Port Gamble – Nearshore monitoring

The Port Gamble S’Klallam Tribe is finding more juvenile salmon in small bays than in other nearshore environments, even those adjacent to large estuaries in Hood Canal and Admiralty Inlet.

“We’re not seeing fish near the mouths of big river systems like we expected, such as the Duckabush or Dosewallips rivers,” said Hans Daubenberger, the tribe’s habitat biologist. “Fish appear to be quickly leaving the marine waters around our large river estuaries in search of smaller and calmer areas with shallow water to find food.”

Since 2011, the tribe has been using beach seines, surface trawls and a hydroacoustic “torpedo” to determine where and how juvenile fish are using nearshore environments.
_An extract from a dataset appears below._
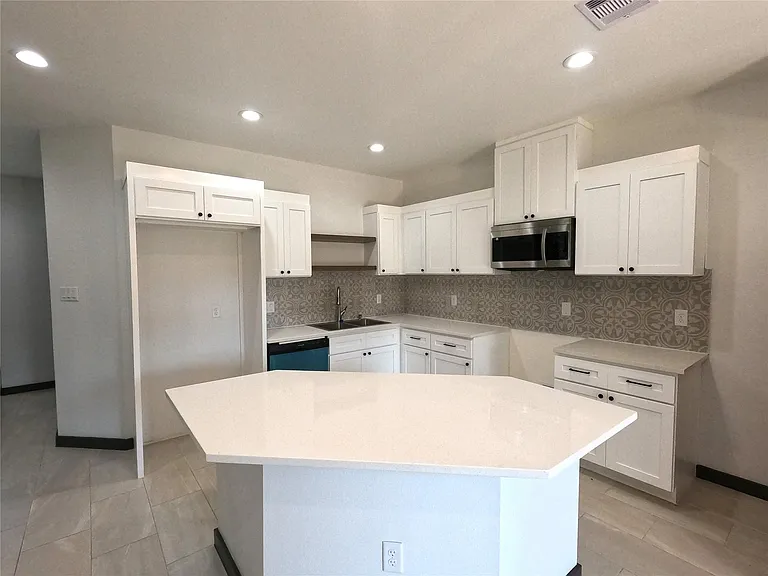 5334 Rapido Rd — Photo 3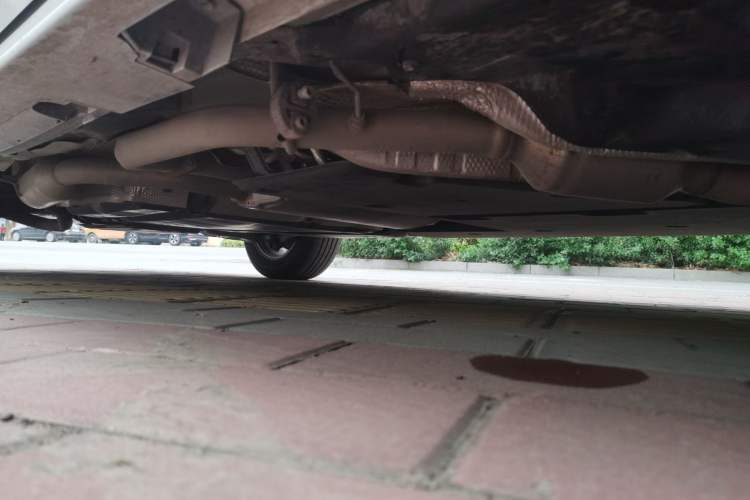 Used Toyota SIENNA 2026 Model 2.5L Dual-Engine Two-Wheel-Drive Comfort Edition Chassis Front Right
The beach seining and surface trawls show what types of fish are in the nearshore; and the hydroacoustic equipment show the abundance of fish.

The largest densities of fish were found in Port Gamble Bay, Pleasant Harbor, Jackson Cove, Hood Head, Port Ludlow, Kilisut Harbor, and Quilcene and Dabob bays and surprisingly not in waters adjacent the Duckabush and Dosewallips river systems.

“While we know juvenile salmon typically use estuaries for refuge and feeding, the data we’ve collected indicate that the small embayments we survey are consistently more productive in terms of nutrients in the water column.” Daubenberger said.

Forage fish, such as surf smelt and herring, spawn in embayments and their larvae are a high energy food source for salmon, so it’s important to recognize the forage fish populations too, he said.

The tribe conducted further hydroacoustic surveys and beach seining in 2013 to expand on the data collected. EPA’s National Estuary Program supported the project.